The HSE confirmed that, while the service was free for women resident in the Republic, those in the North would have to pay. “The Minister has stated that he will examine the possibility of extending eligibility for women from Northern Ireland,” a HSE spokesperson has told The Irish Times. The department did not respond to a request for comment.
Niall Behan, chief executive of the Irish Family Planning Association, criticises the Government’s position. “The new system was set up without considering women in the North,” he says. “Expectations have been raised and promises made without any processes being put in place. Cost is clearly a barrier but it is not the only one.

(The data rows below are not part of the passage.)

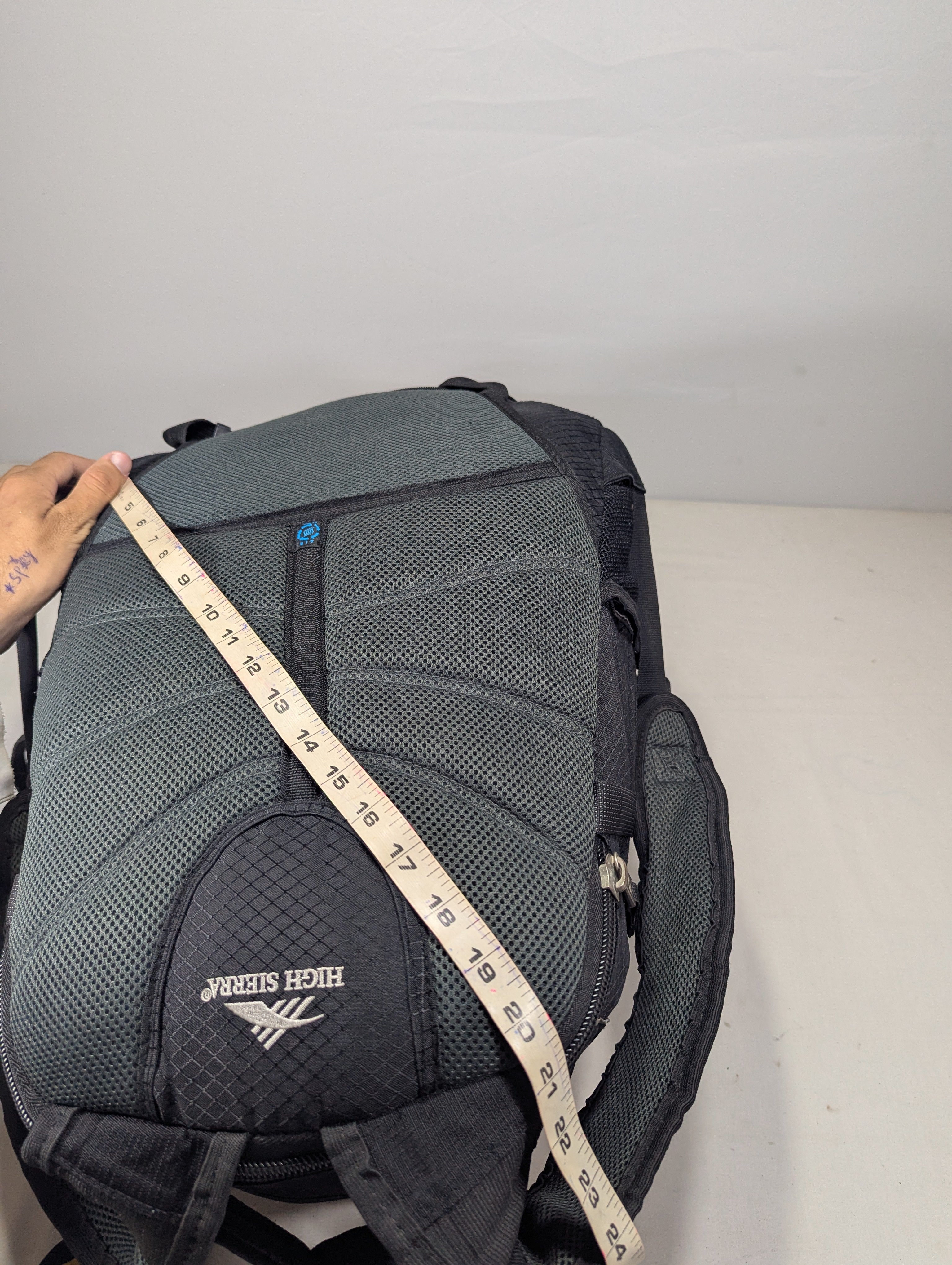 High sierra authentic backpack U3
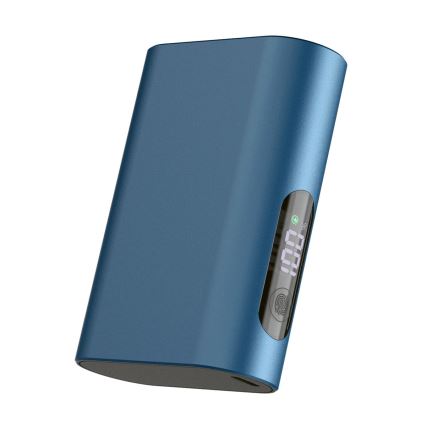 Powerbank Power Delivery 10000 mAh/22,5W/3,7V blau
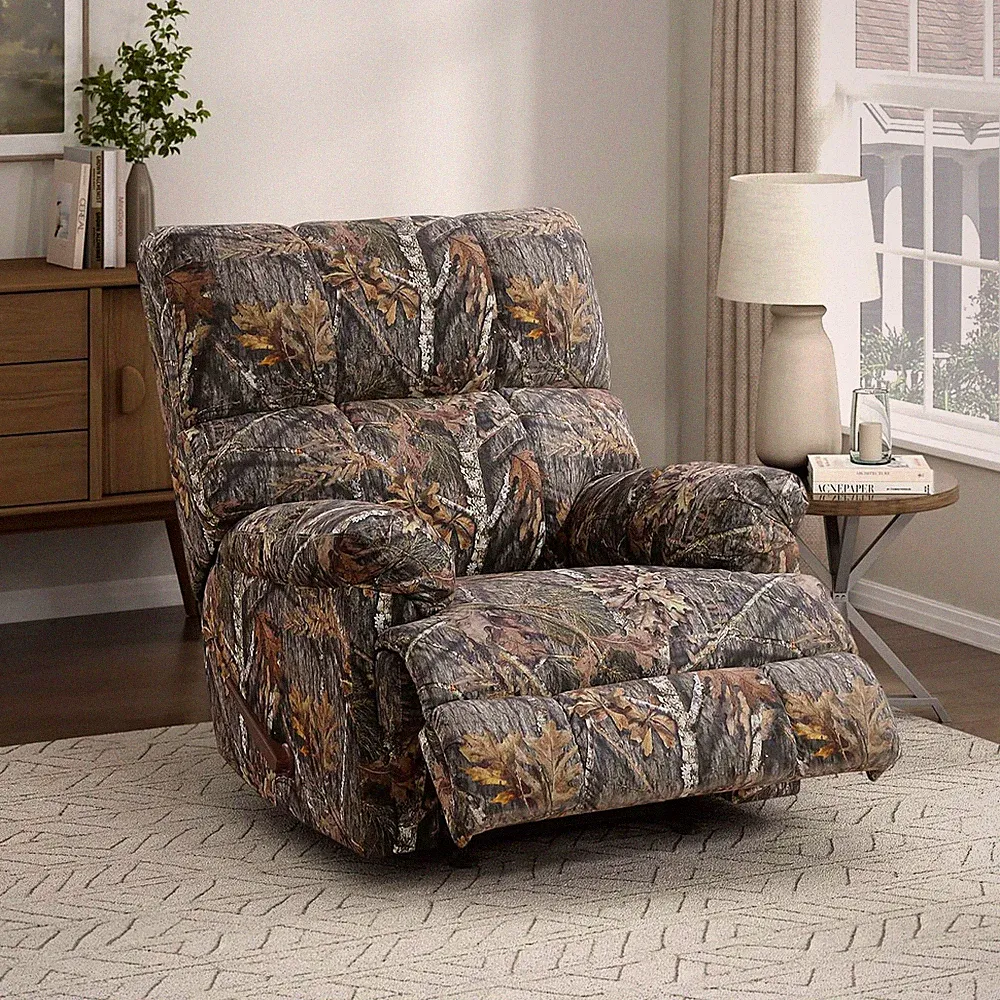 Pattern recliners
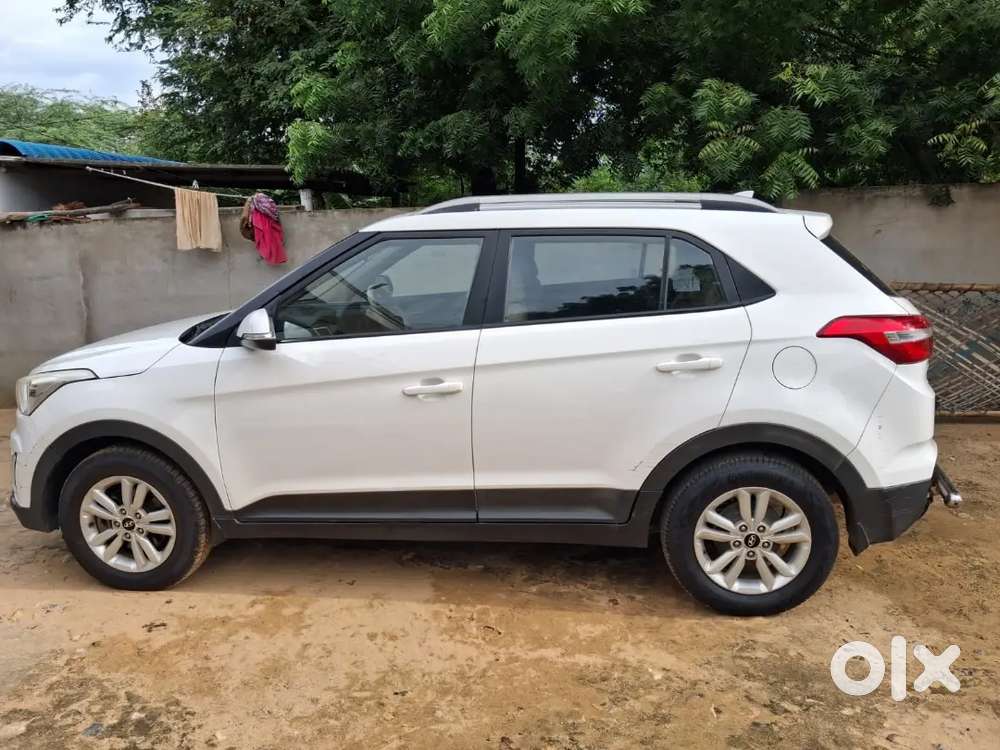 Hyundai Creta Diesel 2017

“The local access model of care is based on a range of assumptions about the availability of local services, and in the North there is a completely different system.”
Behan says there is a range of practical and ethical issues in relation to Northern women. “If the doctor wants her to have an ultrasound, where will that take place and who will pay? If we provide pills and the woman goes back to the North to take them she will be breaking the law there,” he says.
The association has been working closely for years with the Northern Ireland Family Planning Association. “Our shared position is to advocate for abortion rights North and South,” he says.
We need our southern sisters to show their solidarity with us. The British government is not providing the healthcare we need. I am Irish. I need my own Government to step up
Feminists from the North played a significant role in backing the Repeal the Eighth movement in the Republic. Following its success, activists in the Republic vowed: “The North is next.”
There was considerable anger last week when the substantial cost for Northern women emerged. “I was disgusted. It will be cheaper for women to continue to endure the shame and stigma of travelling to England,” said long-time campaigner Maeve O’Brien from Co Tyrone.
“Women of every creed and code took part in the campaign especially around the Border counties. We now need our southern sisters to really show their solidarity with us. The British government is not providing the healthcare we need. I am Irish. I need my own Government to step up. It hasn’t done enough.”
Mairead Enright of Lawyers for Choice says campaigners need to continue to support Northern activists, as well as insisting that the government exerts diplomatic pressure on its UK counterpart.
Sarah Ewart says that whatever happens in the Republic, she will not stop campaigning for services in the North. “I would ask those in power to consider what it’s like to be in a woman in Northern Ireland and stop ignoring the devastating reality of our law,” she says.
“At the end of the day, I am an ordinary woman who suffered a very personal family tragedy, which the law in Northern Ireland turned into a living nightmare.”